If you’re an employer reading this, guaranteed you’re thinking, “Big F(reaking) Deal.” The employer doesn’t really care whether you want to own a car or not. He doesn’t care what you want from the job. He doesn’t care whether you will walk to the supermarket. He cares what you will do for the company.
The third paragraph was much of the same: I need to do this, I want this. Out of a five-paragraph cover letter, only three sentences are halfheartedly dedicated to the author’s qualifications:
I could adapt well to a variety of work environments. I have always been ready to learn something new. I’ve always provided loyalty and excellent attendance for my employers.
That’s it. Nothing else.
The irony is that the author’s resume is quite varied and shows, indeed, an aptitude for picking things up quickly. According to the resume, this person has worked in 11 industries(!!), has management experience, and is not afraid to get his hands dirty.
So how could we improve this letter? Big first step: it’s not all about you. This writer clearly has the professional credentials to succeed. He should put those front and center and explain how they’ll help the business with its professional goals.
Big second, related step: this cover letter is being blasted out to any and every employer, and the writer is essentially saying, “I’ll take anything.” Even if that’s true, you’ll get far more bites if you customize the letter to the specific situation. (In other words, if you don’t have a specific company in mind in your letter, how will you know which of your credentials to mention?)
Here’s an example, not from this particular letter/situation.

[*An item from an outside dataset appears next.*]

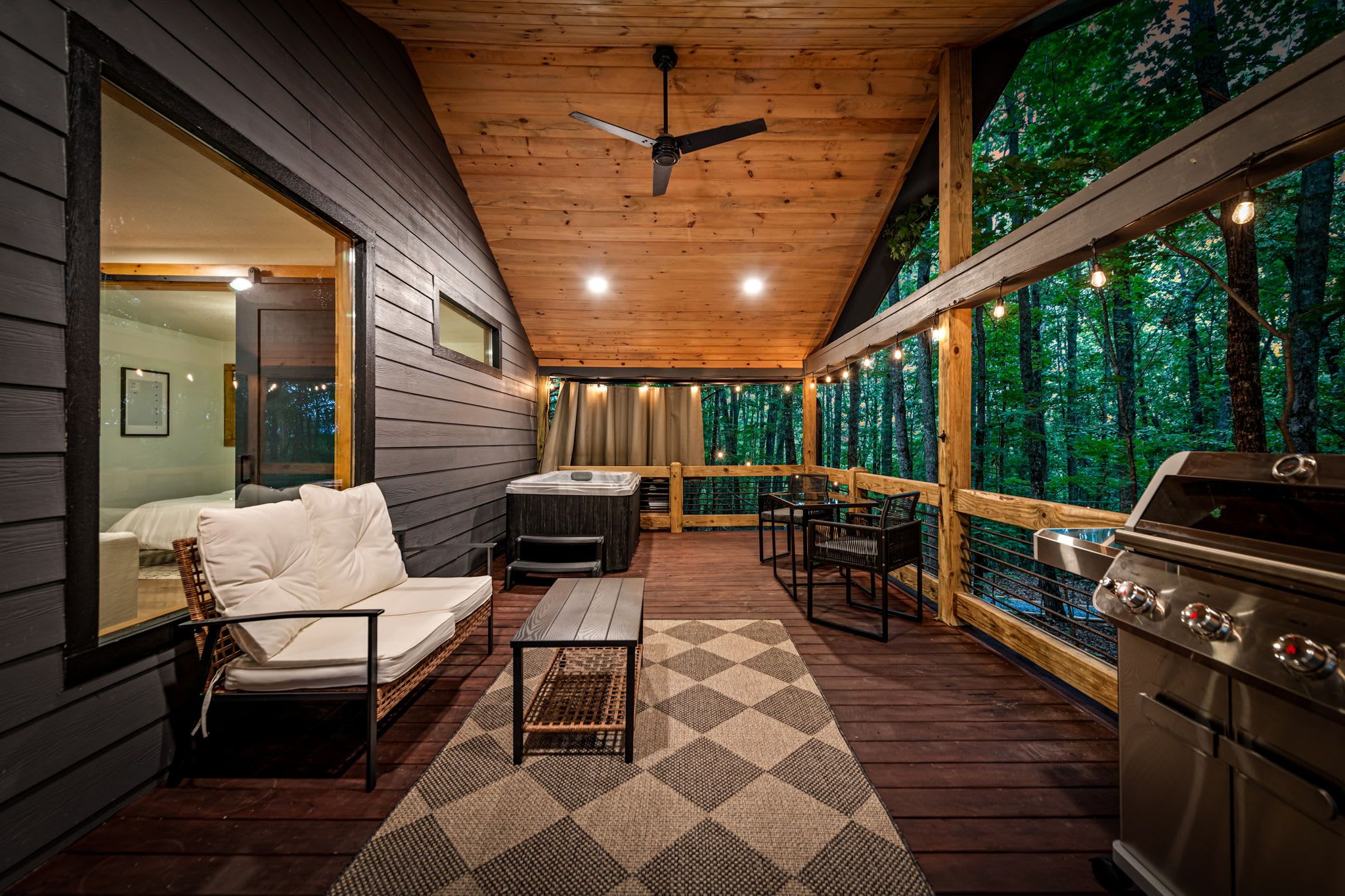 Eine gemütliche Terrasse im Freien mit Holzboden, Grill, Sofa und Essbereich.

Say you’re applying for a social media community manager job. That sort of job requires you to learn new things fast and juggle a lot of unrelated projects. If you have experience in 11 industries(!) and juggled two part-time jobs at the same time, for example, you might say:
“I’ve held jobs in 11 industries over the course of my career, and each time I’ve switched gears, I’ve had to pick up the basics quickly. Thanks to that experience, I’ve become good at on-the-job learning and figuring out how to teach myself what I don’t know I don’t know.”
Except you’d say it better, because it’s yours. Make sense?